## [HOW TO COMPLETE THIS TASK]
Repeat only these lines, exactly: the first line of the data, the line containing "One thing we've", and every line between them. Pictures stay out.

## [RECORDED DATA]
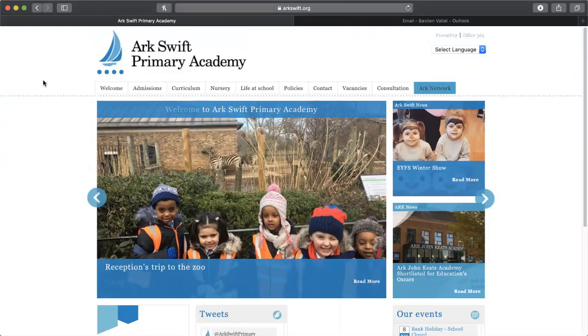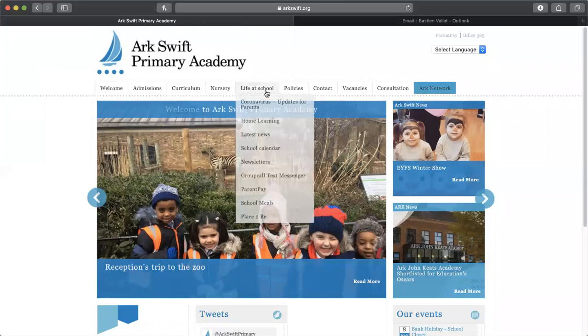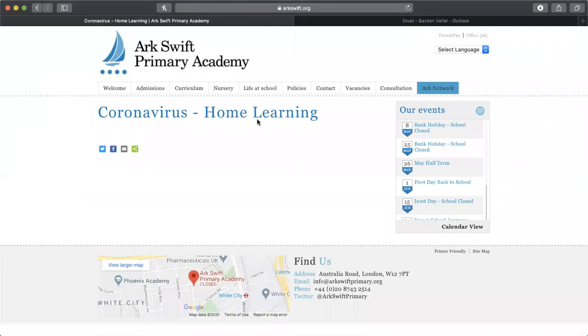First you need to load the ArcSwift primary website like so. Here you will find drop-down menus. Hover over to Life at School and click on Home Learning. The following page should appear.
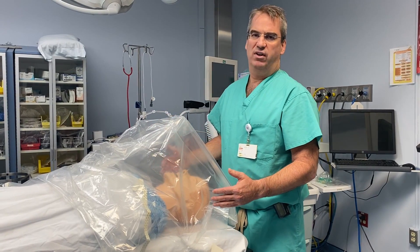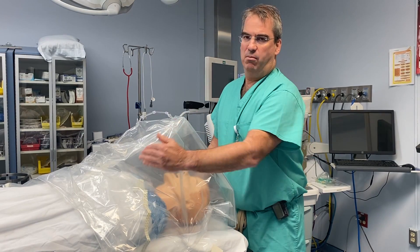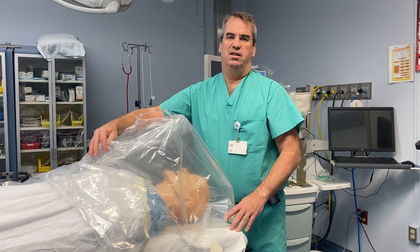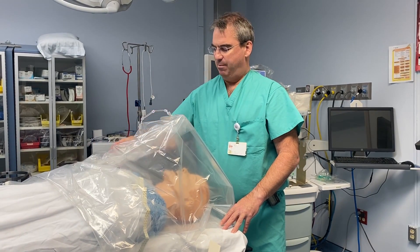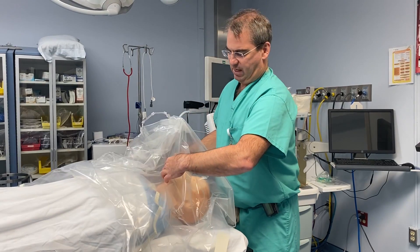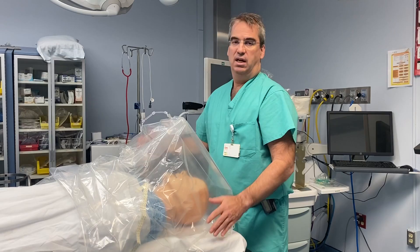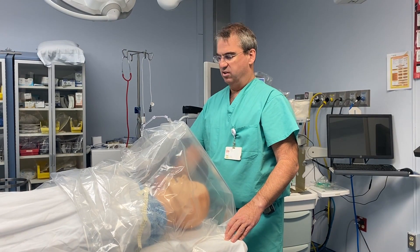One thing we've found from talking to others is that when trying to create a more elaborate tent with more supports, you end up preventing the ability to work through or move the plastic to reach the patient for things like suctioning, repositioning oxygen, or other necessary tasks.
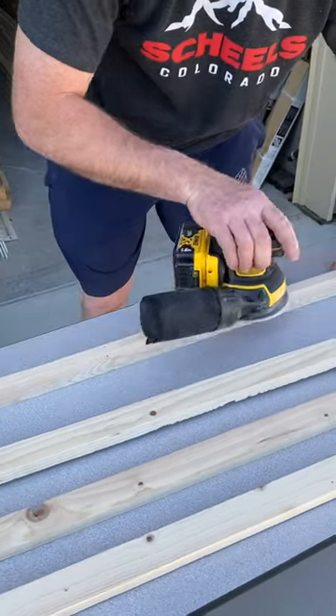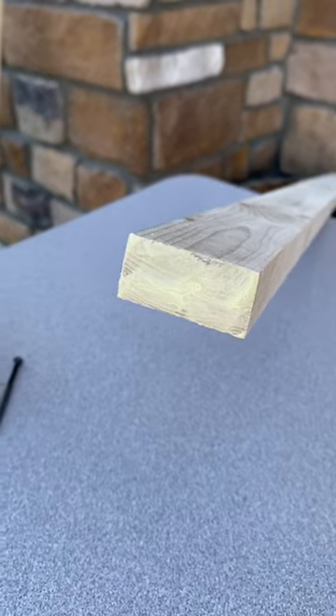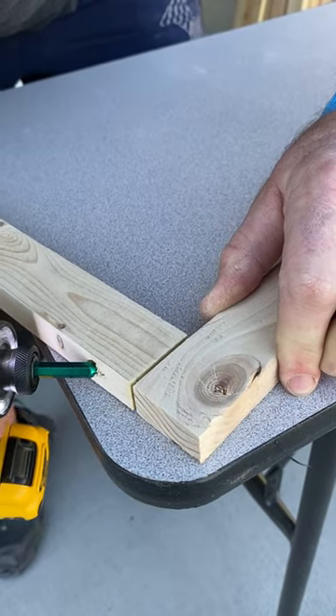I recommend sanding the edges so it doesn't rip the material, and then you're going to want to drill and glue the edges of your frame as you connect the pieces. We did pre-drill the holes, but that is not something you have to do — it just prevents the wood from cracking.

## [ANSWER FOR THE TASK]
First you need to load the ArcSwift primary website like so. Here you will find drop-down menus. Hover over to Life at School and click on Home Learning. The following page should appear.
One thing we've found from talking to others is that when trying to create a more elaborate tent with more supports, you end up preventing the ability to work through or move the plastic to reach the patient for things like suctioning, repositioning oxygen, or other necessary tasks.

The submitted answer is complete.